Lahm, Khedira, Kroos - das Mittelfeld-Trio im neuen 4-3-3-System der Fußball-Nationalmannschaft funktionierte und harmonierte in der Hitze von Fortaleza nicht. „Vor fünf Tagen war alles gut. Mal läuft es besser, mal schlechter. Es ist kein generelles Problem“, beschwichtigte Lahm.
Löw hat seinen Kapitän bei der WM ins Mittelfeld verschoben, um dort die Probleme zu beheben, die durch die Fitnessdefizite und die fehlende Topform der Führungskräfte Sami Khedira und Bastian Schweinsteiger sowie dem WM-Ausfall des Dortmunders Ilkay Gündogan entstanden sind. Doch dem vermeintlichen Alleskönner Lahm ist das in Brasilien bislang nicht gelungen.

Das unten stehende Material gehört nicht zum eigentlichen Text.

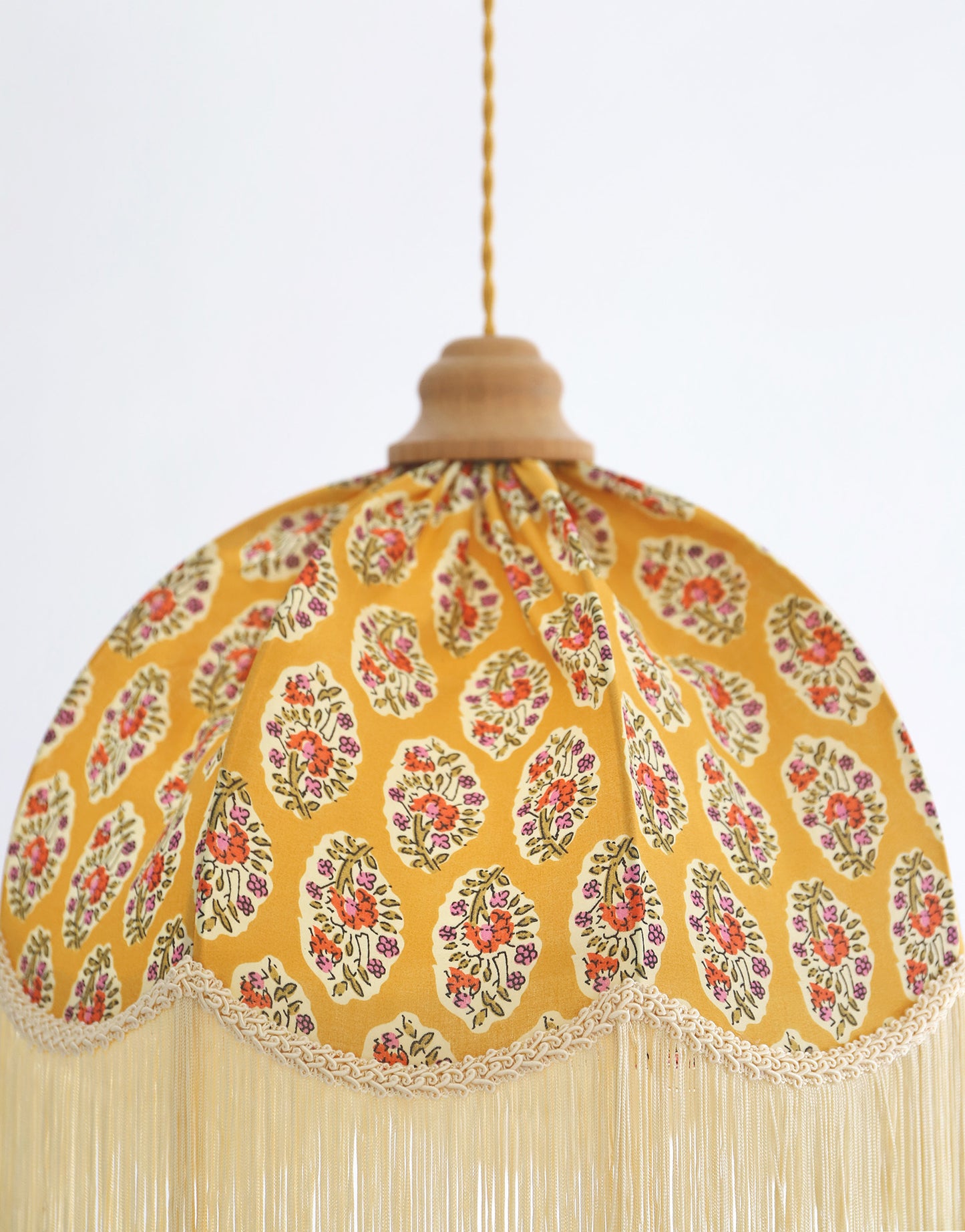 Suspension vintage recyclée — Carcasse dôme et habillage Paisley moutarde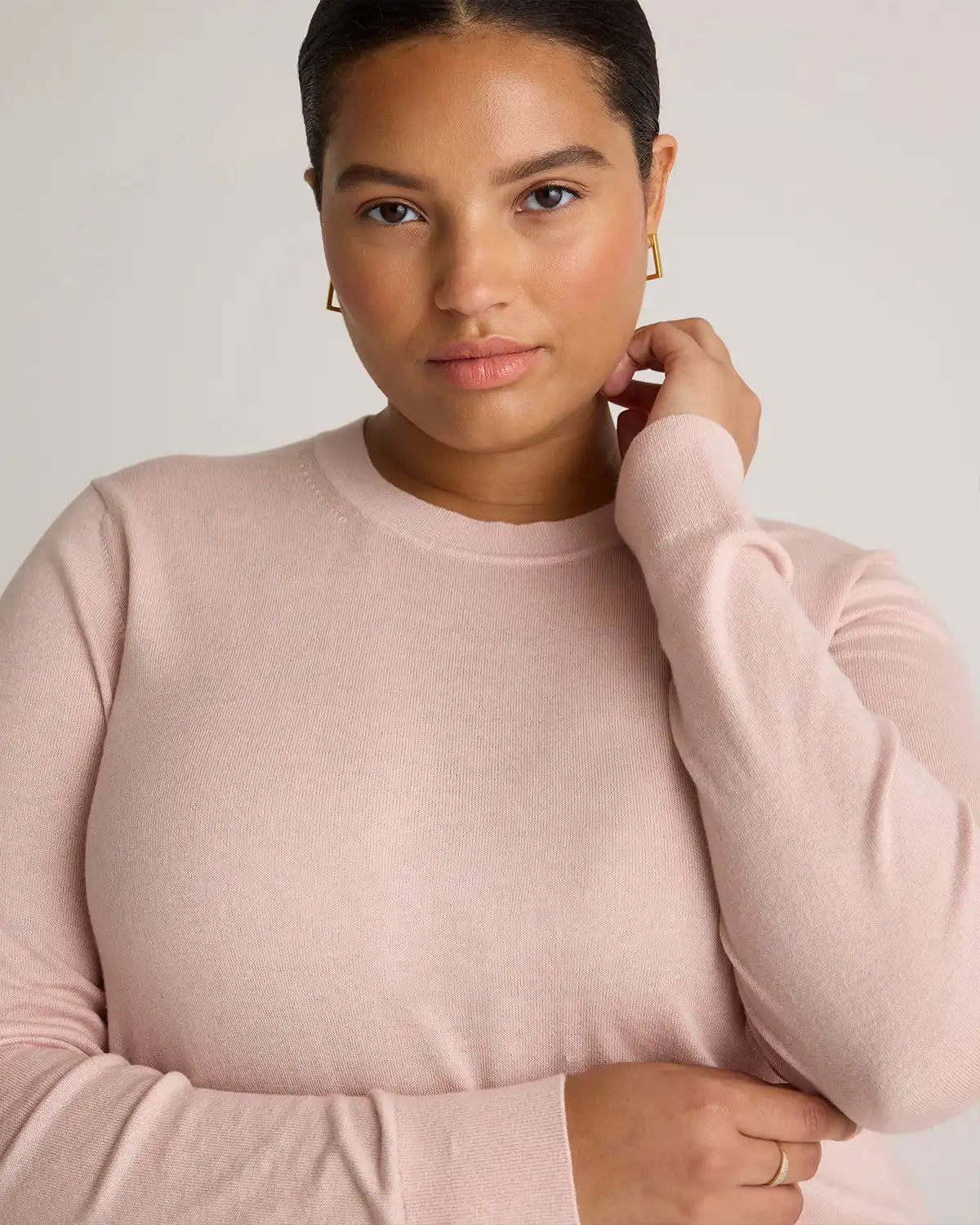Lightweight Cotton Cashmere Crew Sweater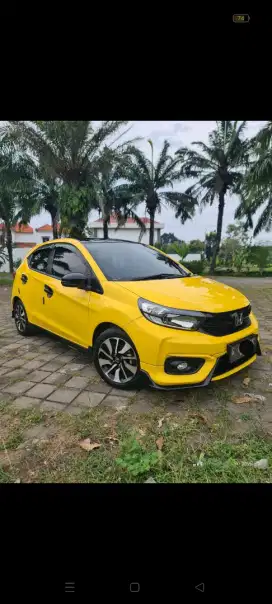 Honda Brio RS urbanite 2021 / AT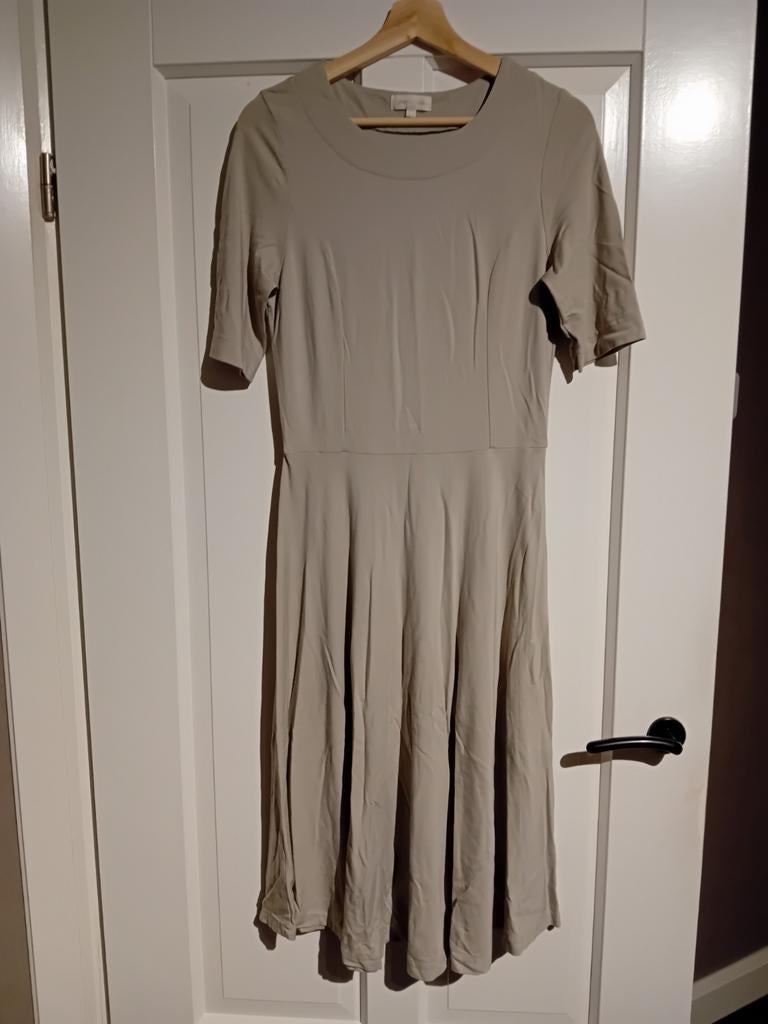 Jurk Port lavande maat m . Kit/zand kleur, Ophalen of Verzenden, Gedragen, Beige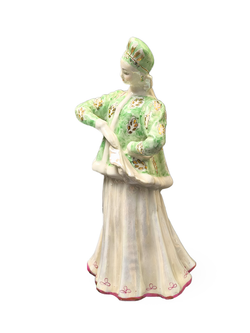 Фарфоровая статуэтка "Лебедушка" (Дулево)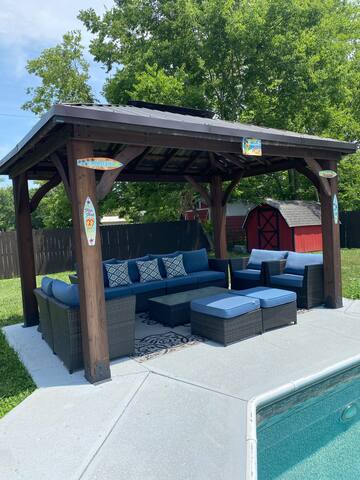 3BR w Pool-Mins From DT/Airport gallery image 5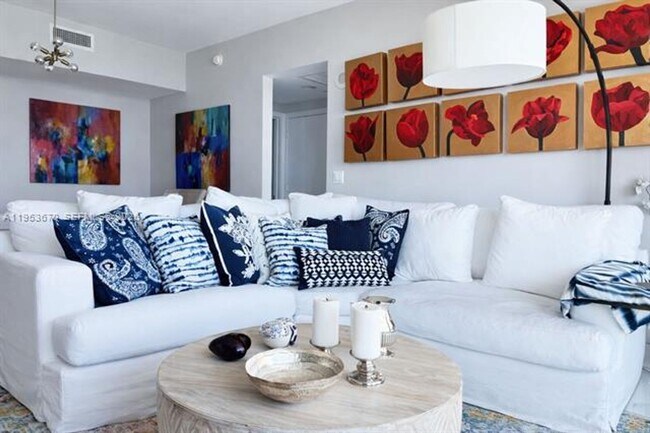 Photo - 951 Brickell Ave Unit 951 Brickell Ave  3304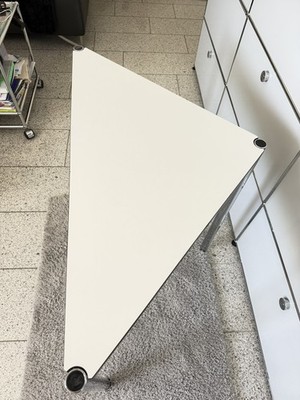 Designklassiker USM Haller Dreiecktisch 74,5x74,5x104 cm, Höhe 74 cm, Chrom Weiß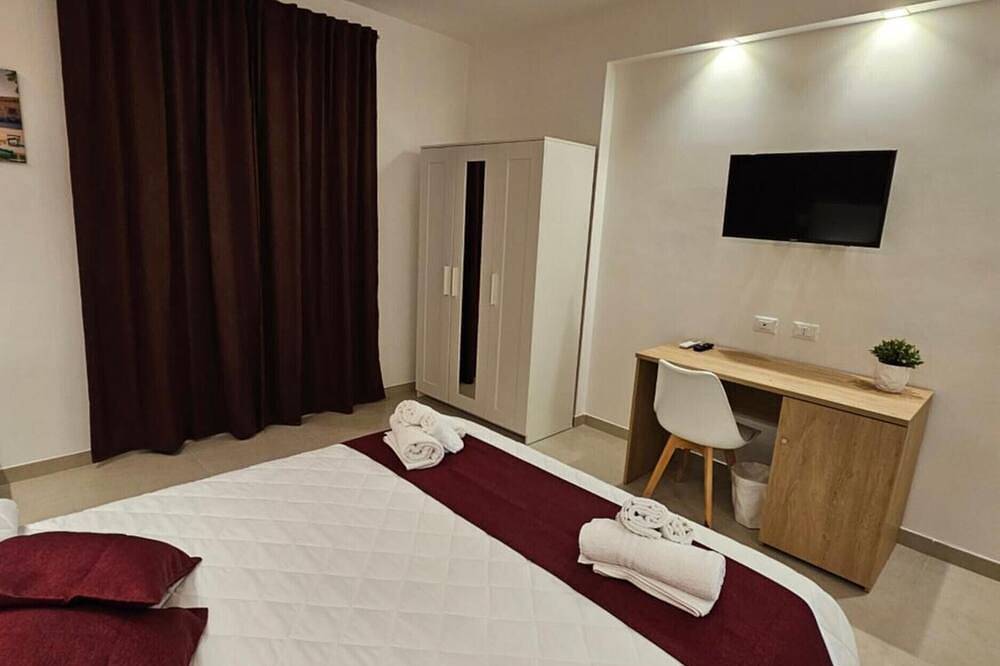 Bed and Breakfast Aura Beb - Habitación Doble con Baño Privado in Pachino, Provincia de Siracusa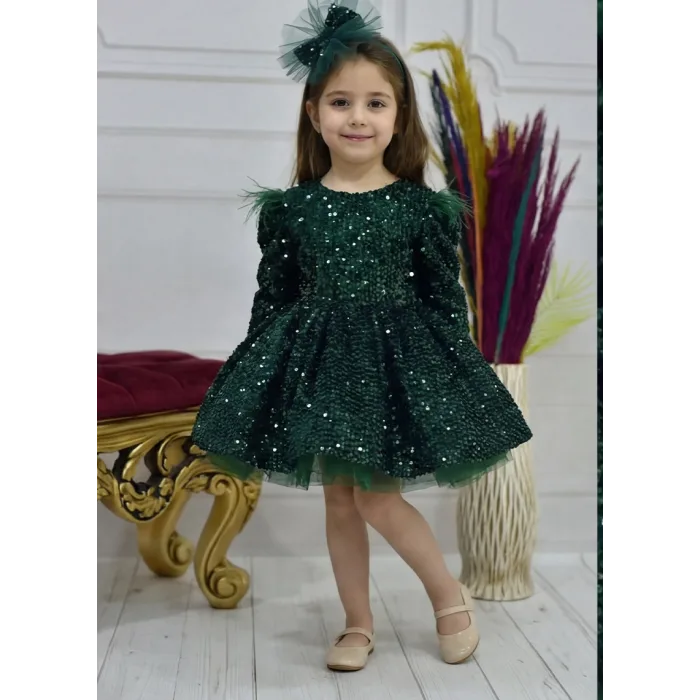 Kız Çocuk Zümrüt Yeşili Payetli Ön Dekolteli Kol Tüy Detaylı Uzun Kol Kabarık Elbise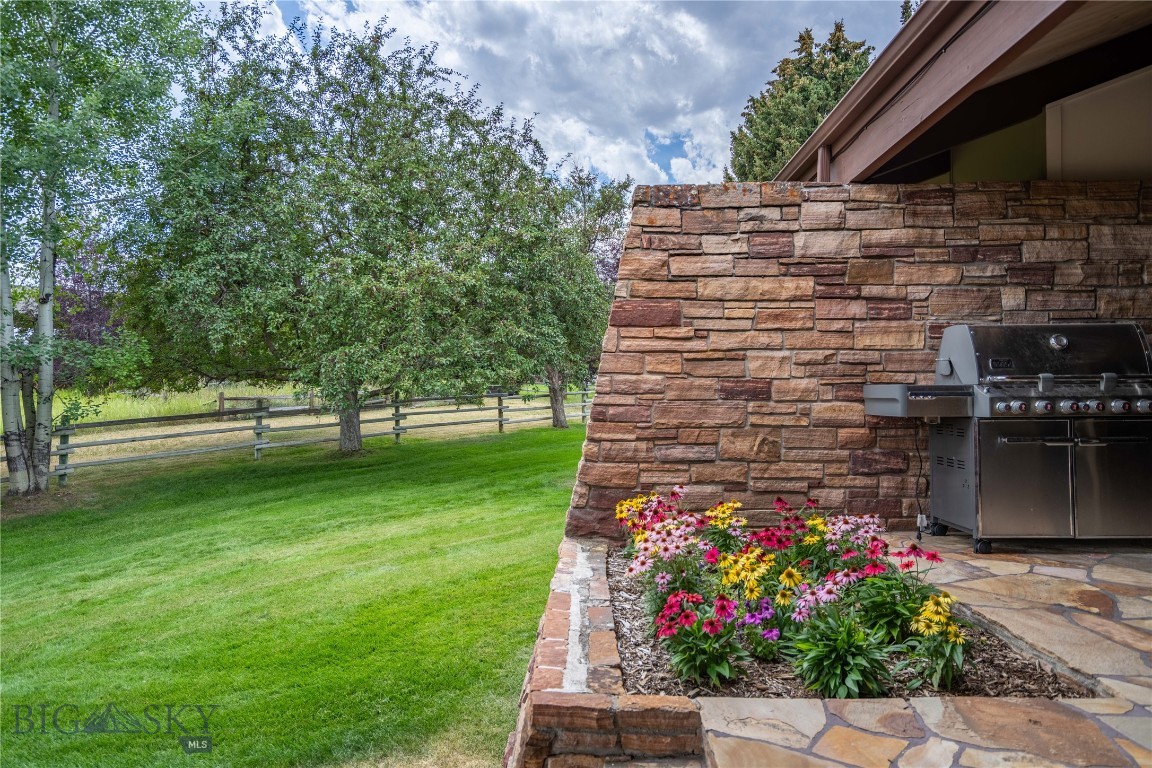 2516 Spring Creek Drive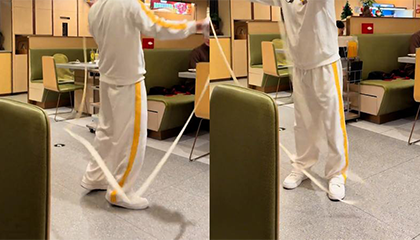 海底捞店员表演甩面多次甩地上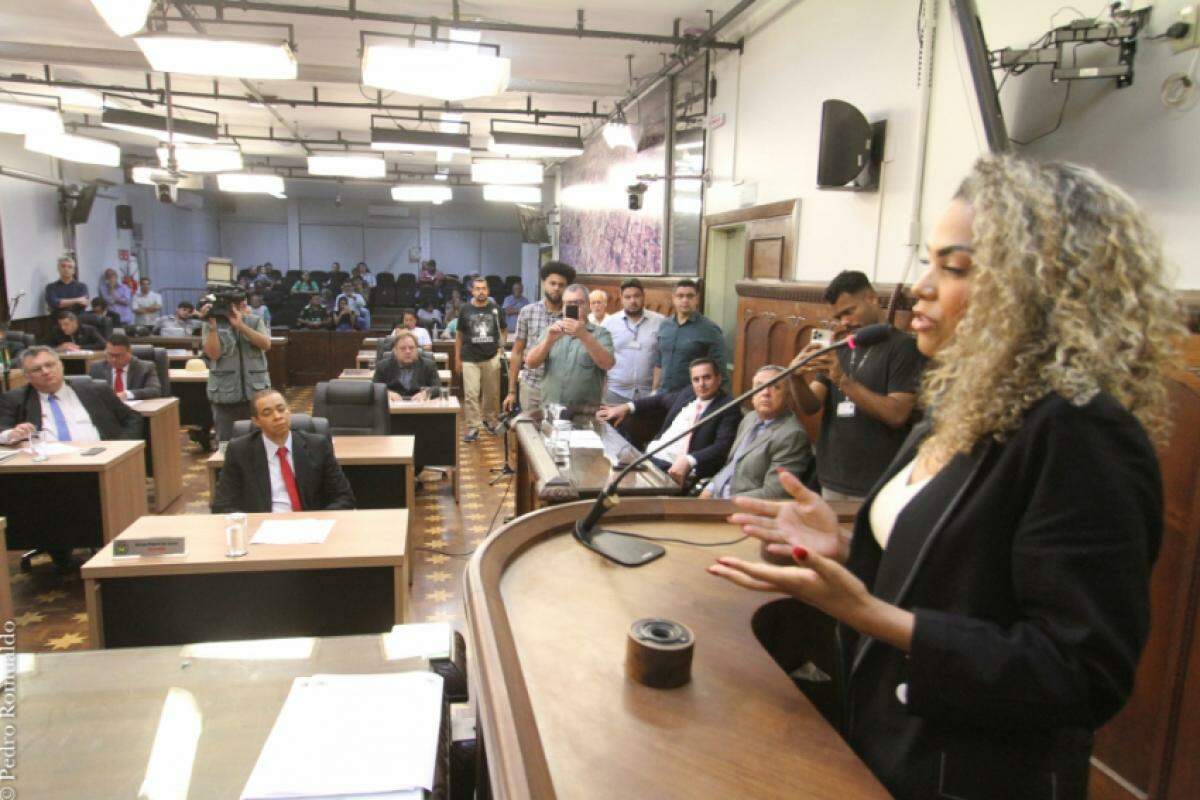 Prefeita Suéllen Rosim (PSD), autora do PL da Concessão, em discurso na Câmara quando do aniversário de Bauru; Legislativo retoma análise do texto nesta quinta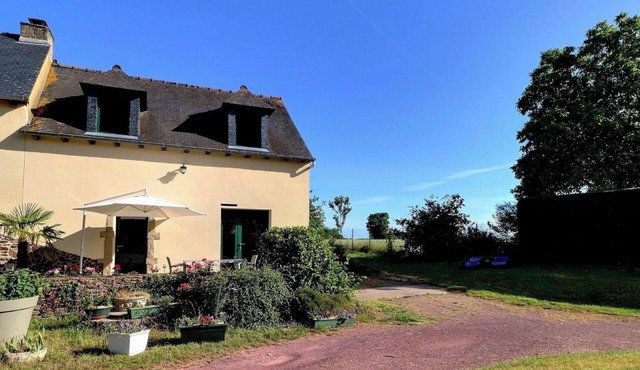 House 'Gite Les Deux Pins De Trémel' with Private Pool, Private Terrace, and Wi-Fi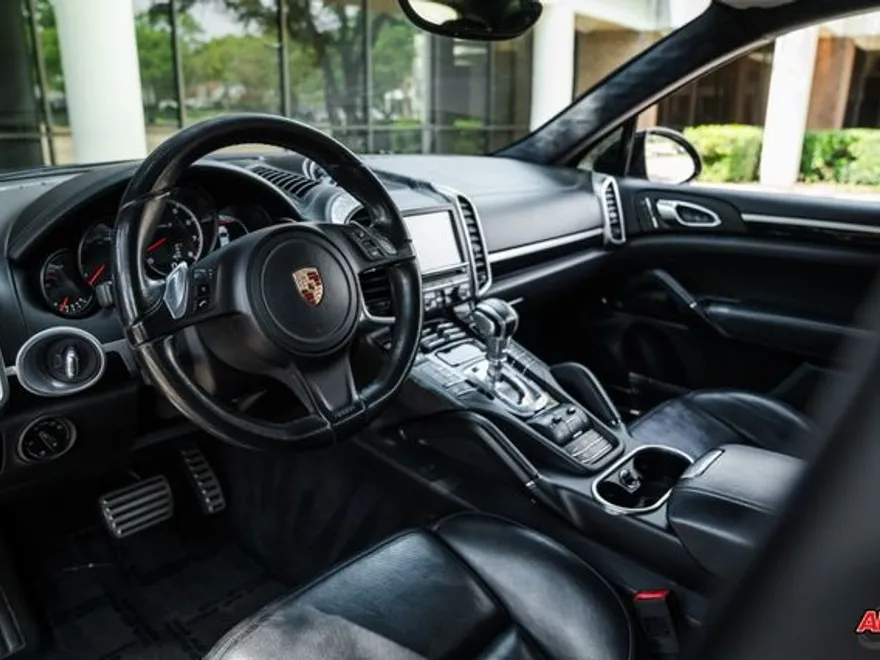 2014 Porsche Cayenne Turbo S photo 1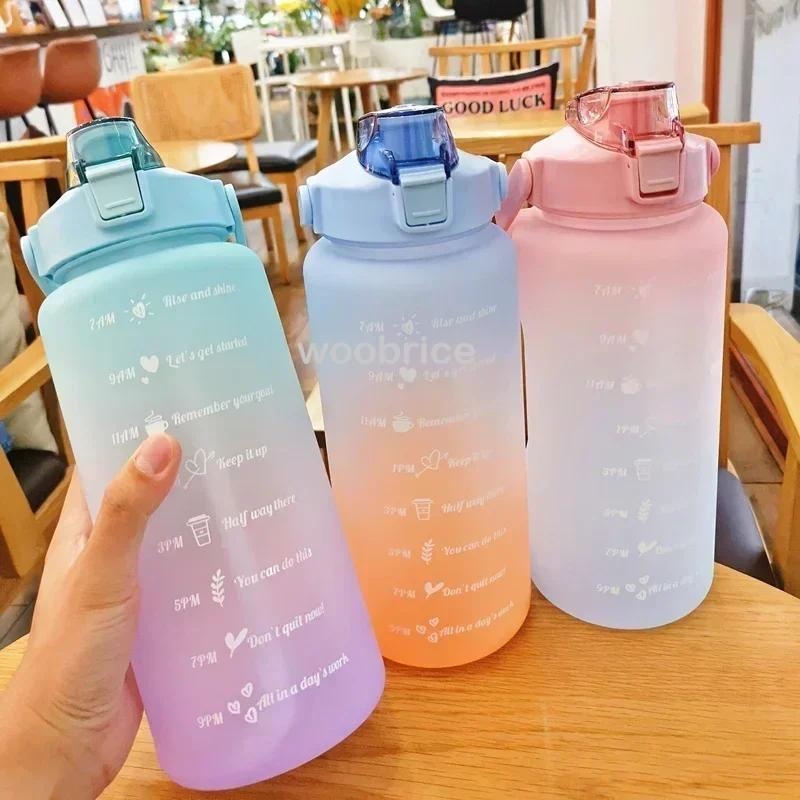 Bouteille d'eau 2 Litres Flasque en plastique Gym Grande capacité Sport Tasse colorée Boire Extérieur Voyage Portable Fitness Cruches Flasque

Auch der Bundestrainer staunte über seinen Mister Zuverlässig. „Philipp passieren normalerweise sehr wenige Fehler, heute war es zwei-, dreimal so“, sagte Löw, nahm seinen Kapitän aber umgehend in Schutz: „Mit dem Platz hatten gerade die technisch guten Spieler das eine oder andere Problem - schon beim Training.“
Der Champions-League-Sieger war bei dem hohen Tempo und den klimatischen Bedingungen „körperlich ein bisschen an die Grenzen“, gestoßen, wie Löw eingestand. Die lange Pause nach dem Kreuzbandriss im November 2013 ist auf dem hohen WM-Niveau nicht zu kaschieren.
Auch Schweinsteiger war wegen Patellasehnenproblemen in der WM-Vorbereitung gehandicapt. Eine 1a-Bewerbung für die Startelf gegen die USA war sein erster Brasilien-Einsatz zwar noch nicht. Immerhin ist Schweinsteiger aber wieder eine Option. Öffentlich positionieren mochte sich der 29-Jährige nicht. Abwinkend trottete er ohne Worte mit seinem Rollköfferchen an den Reportern vorbei aus der Arena Castelão.